Task directions -> Reproduce exactly the lines below from the one containing "Read more about" through the one containing "Room Cleaning process", including both, and nothing else.

Information given ->
--- START ---

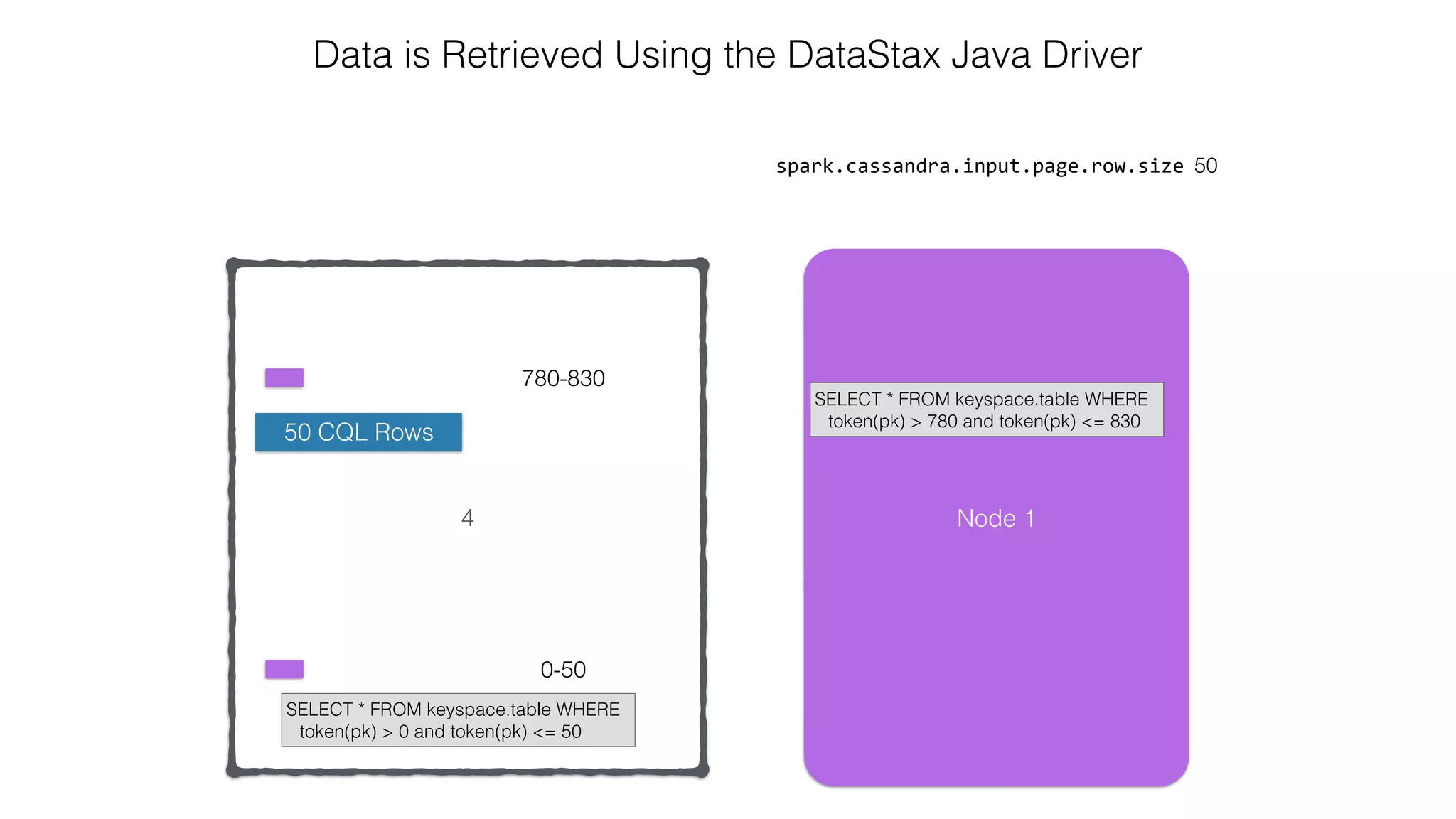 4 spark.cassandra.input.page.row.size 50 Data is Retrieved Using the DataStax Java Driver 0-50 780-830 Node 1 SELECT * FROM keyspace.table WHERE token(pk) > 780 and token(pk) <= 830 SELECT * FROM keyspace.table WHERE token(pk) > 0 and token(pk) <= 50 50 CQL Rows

--- END ---
--- START ---

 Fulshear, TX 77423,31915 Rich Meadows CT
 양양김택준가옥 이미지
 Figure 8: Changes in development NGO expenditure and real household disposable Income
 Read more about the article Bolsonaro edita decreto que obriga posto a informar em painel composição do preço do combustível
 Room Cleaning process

--- END ---

Solution for this exercise ->
 Read more about the article Bolsonaro edita decreto que obriga posto a informar em painel composição do preço do combustível
 Room Cleaning process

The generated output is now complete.